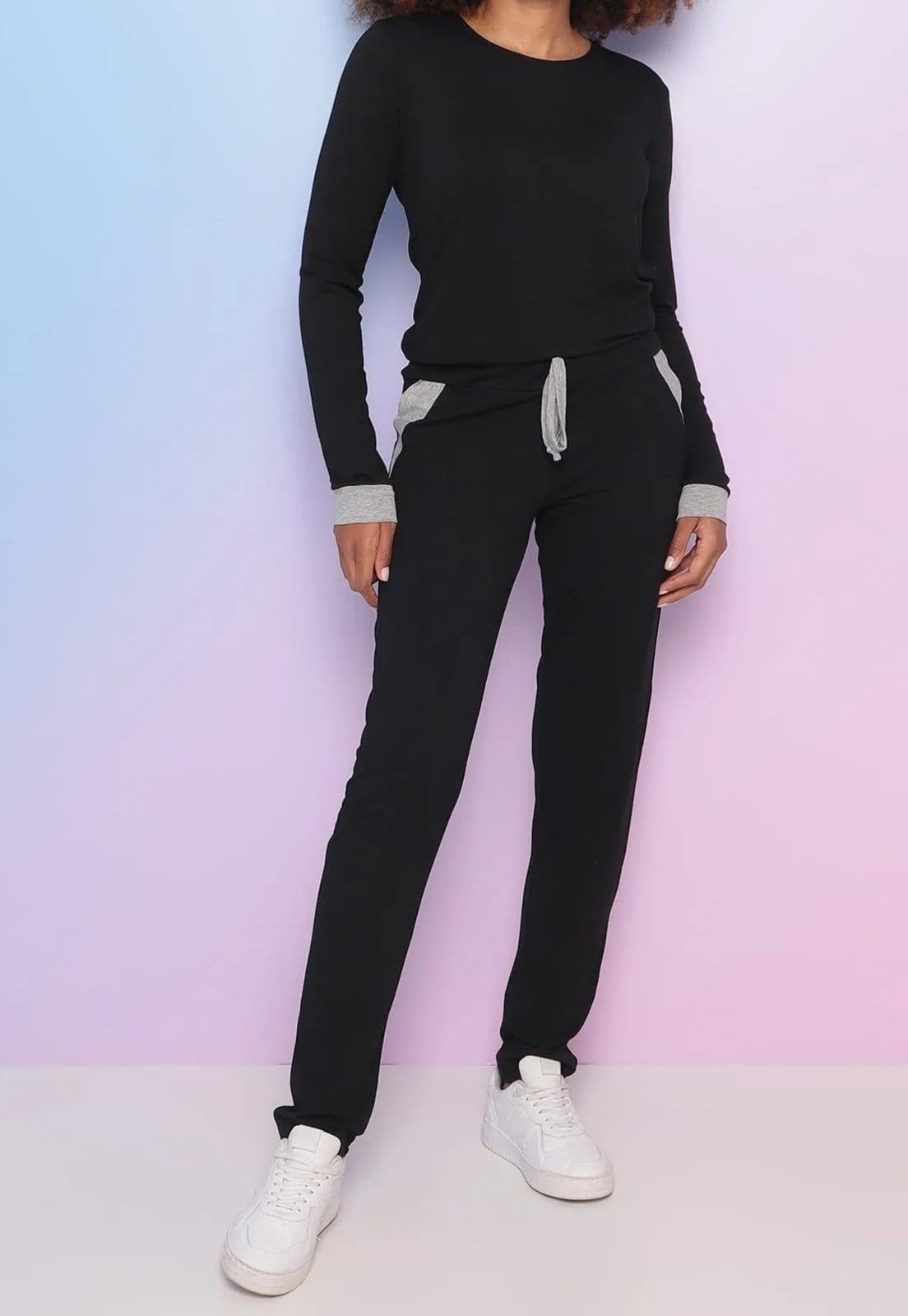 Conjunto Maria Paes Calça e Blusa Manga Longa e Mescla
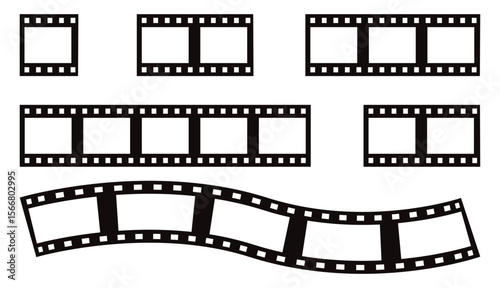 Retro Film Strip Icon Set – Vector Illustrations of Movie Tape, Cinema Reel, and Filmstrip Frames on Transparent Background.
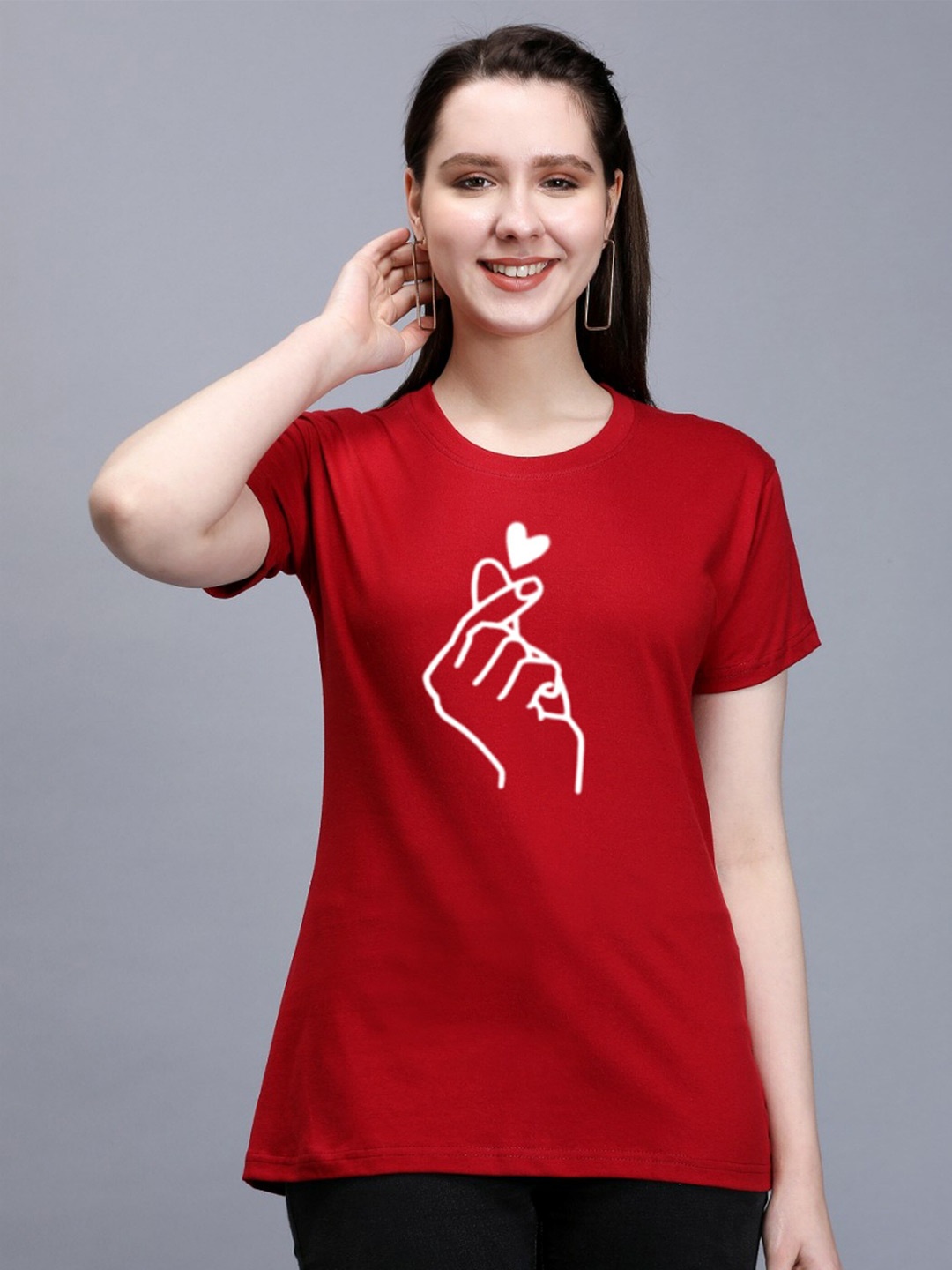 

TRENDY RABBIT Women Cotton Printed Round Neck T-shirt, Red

...

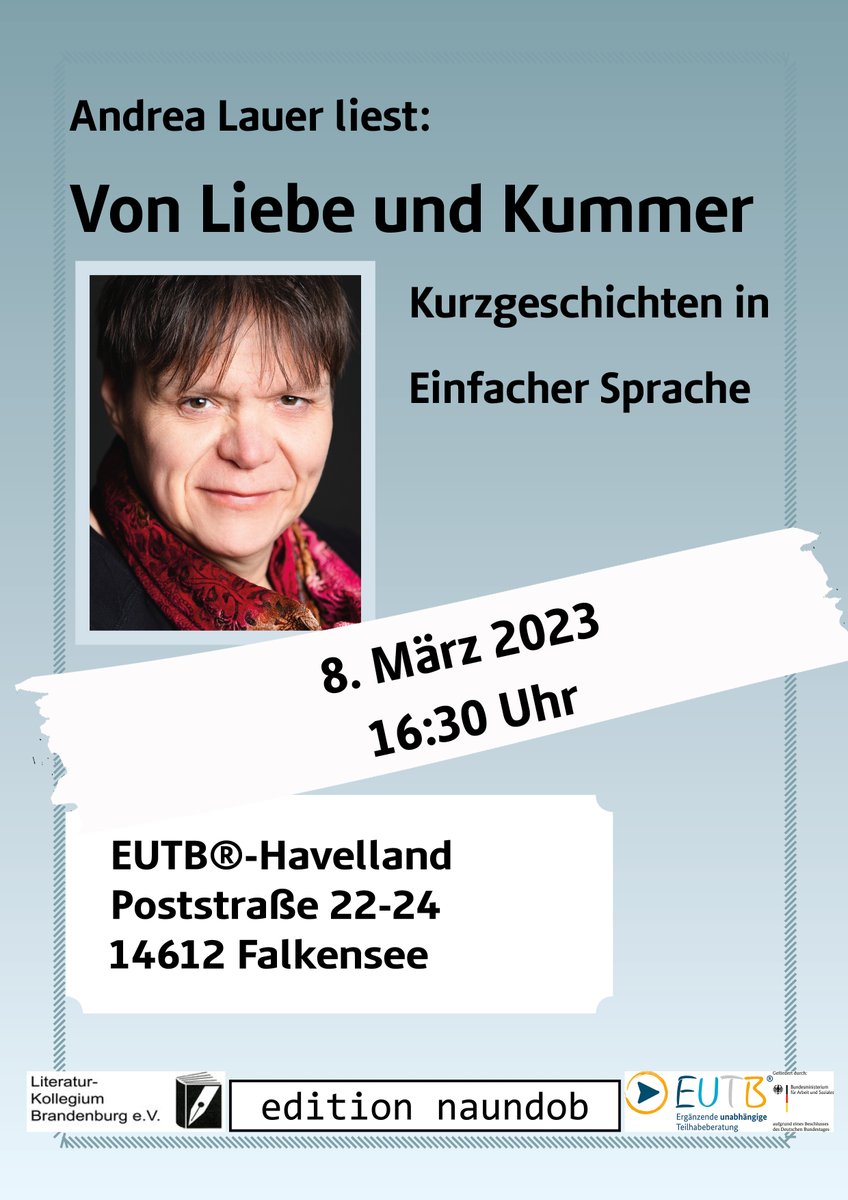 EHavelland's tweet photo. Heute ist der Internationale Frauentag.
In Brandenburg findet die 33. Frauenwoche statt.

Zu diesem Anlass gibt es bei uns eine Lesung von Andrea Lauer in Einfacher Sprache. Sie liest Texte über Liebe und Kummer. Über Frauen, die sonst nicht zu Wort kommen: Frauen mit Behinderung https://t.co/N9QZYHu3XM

--

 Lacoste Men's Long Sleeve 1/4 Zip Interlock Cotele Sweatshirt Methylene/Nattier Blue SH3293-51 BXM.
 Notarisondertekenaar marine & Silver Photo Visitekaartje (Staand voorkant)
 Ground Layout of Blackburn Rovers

# PROBLEM DESCRIPTION
Exact copy, pictures excluded: every line above from the one containing "Retro Film Strip" to the one containing "TRENDY RABBIT Women", inclusive, and nothing more.

# RESULT BELOW
 Retro Film Strip Icon Set – Vector Illustrations of Movie Tape, Cinema Reel, and Filmstrip Frames on Transparent Background.

TRENDY RABBIT Women Cotton Printed Round Neck T-shirt, Red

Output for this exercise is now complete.